▶ [Records for this exercise]
══════════════════════════════
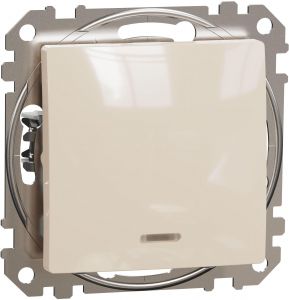SEDNA Design Intrerupator simplu Indicator luminos albastra 10AX Bej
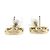 Boucles d'oreilles pendantes Chanel dorées et blanches - vue 7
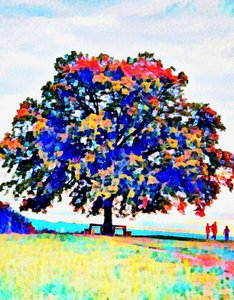 The Holy Tree. Maria Plain. by Margareta Uliarte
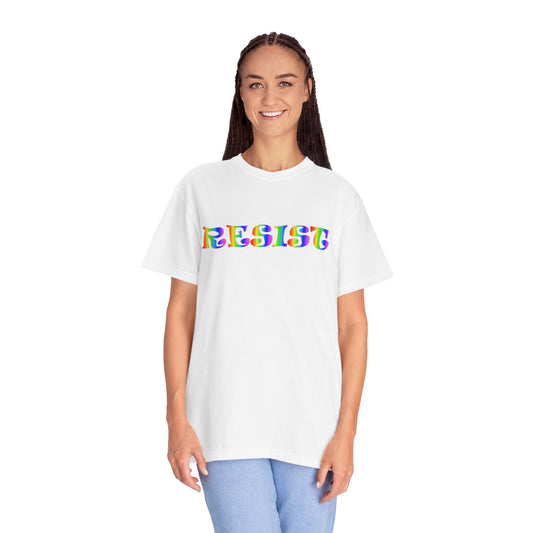 Garment-Dyed T-Shirt - ‘RESIST’ Colorful Activism Tee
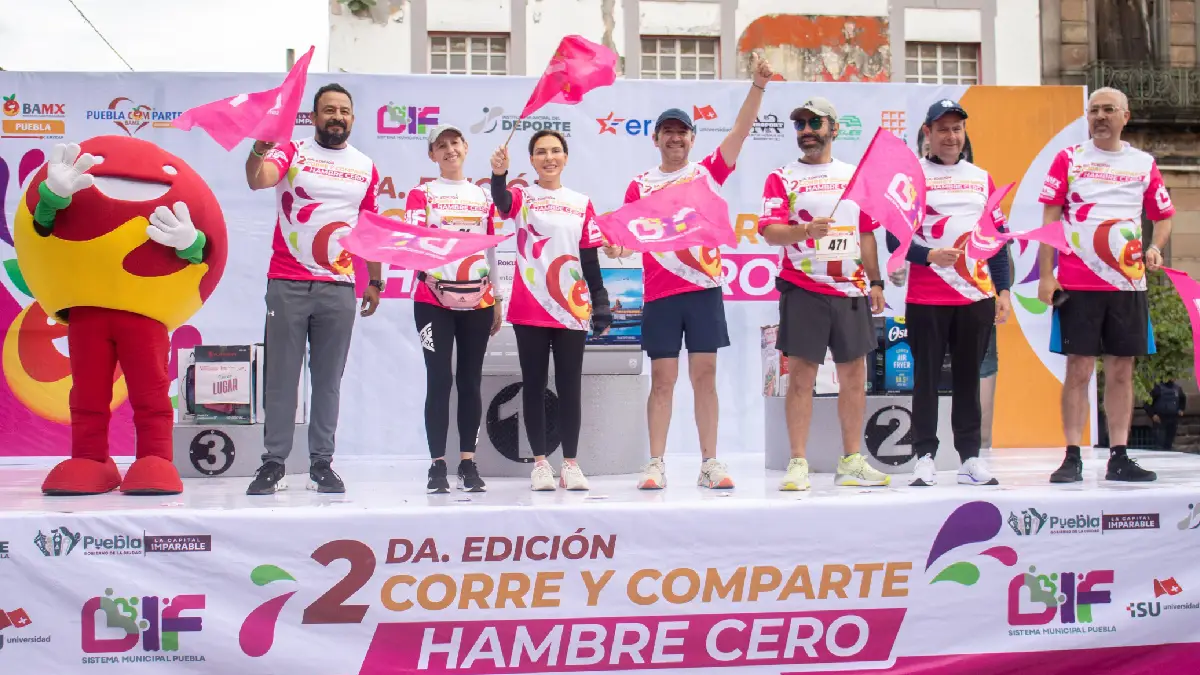 Encabeza MariElise Budib Carrera “Corre y Comparte: Hambre Cero Puebla 2025”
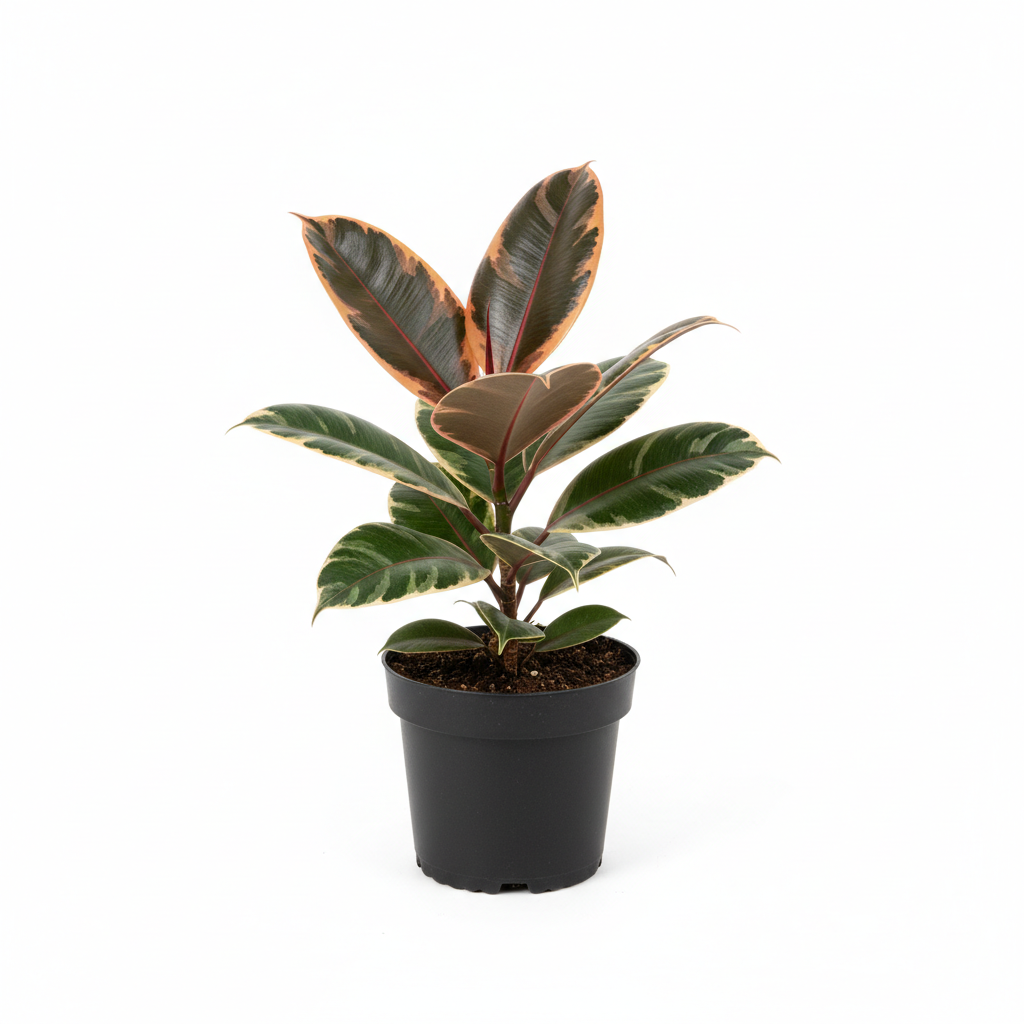 Planta ornamental Hule Rubi - Vivero ORNAPLANT Cuautla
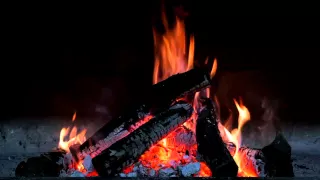 Cozy Crackling Fire – 9 Hour HD Virtual Fireplace – Sleep Sound, Ambience, Romance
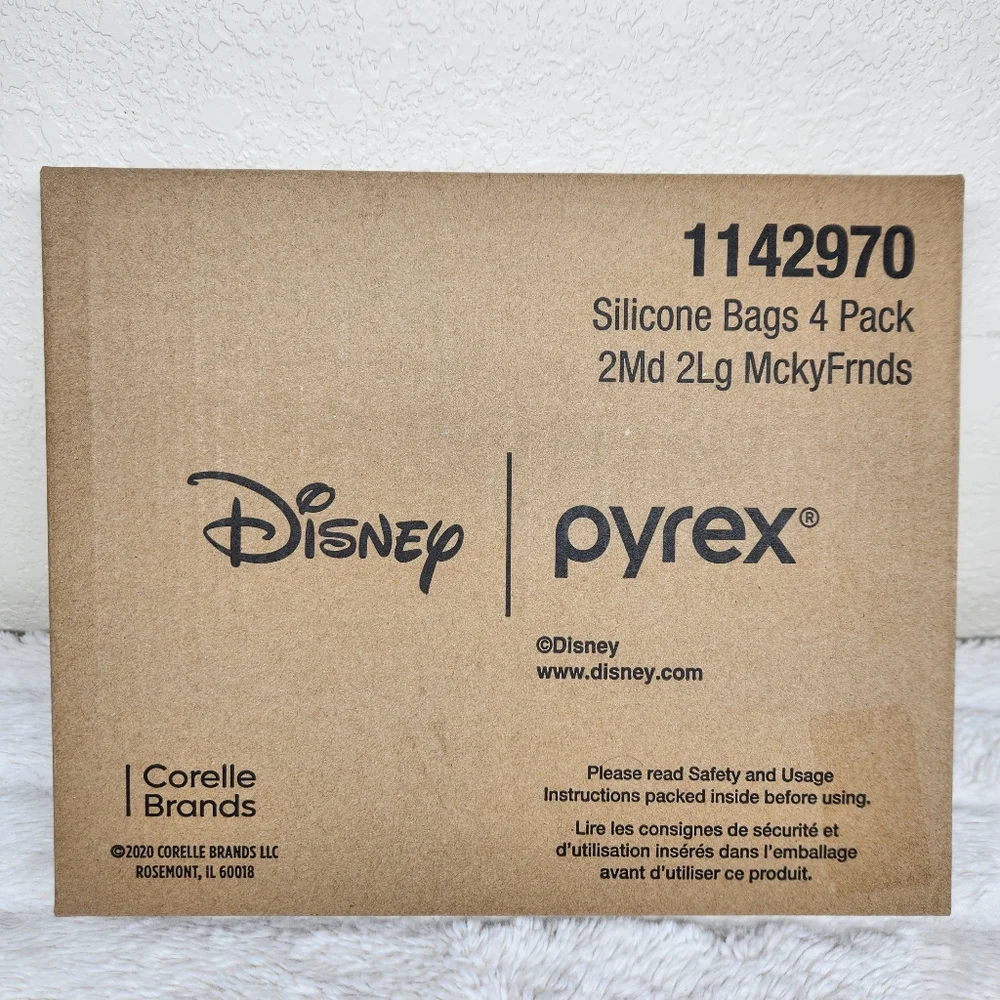 Disney Pyrex Silicone Bags Set - Picture 3 of 6
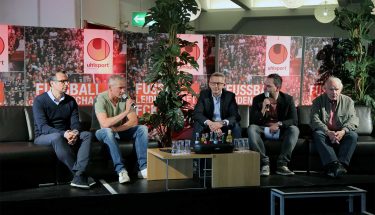 Martin Bader, Andreas Buck, Patrick Banf, Torben Degen und Gerhard Ahrens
══════════════════════════════
▶ [Exercise requirements]
What is needed is a verbatim copy of the lines running from the one with "Disney Pyrex Silicone" through the last line of the listing above, excluding any pictures.

▶ [Solution to this exercise]
 Disney Pyrex Silicone Bags Set - Picture 3 of 6
 Martin Bader, Andreas Buck, Patrick Banf, Torben Degen und Gerhard Ahrens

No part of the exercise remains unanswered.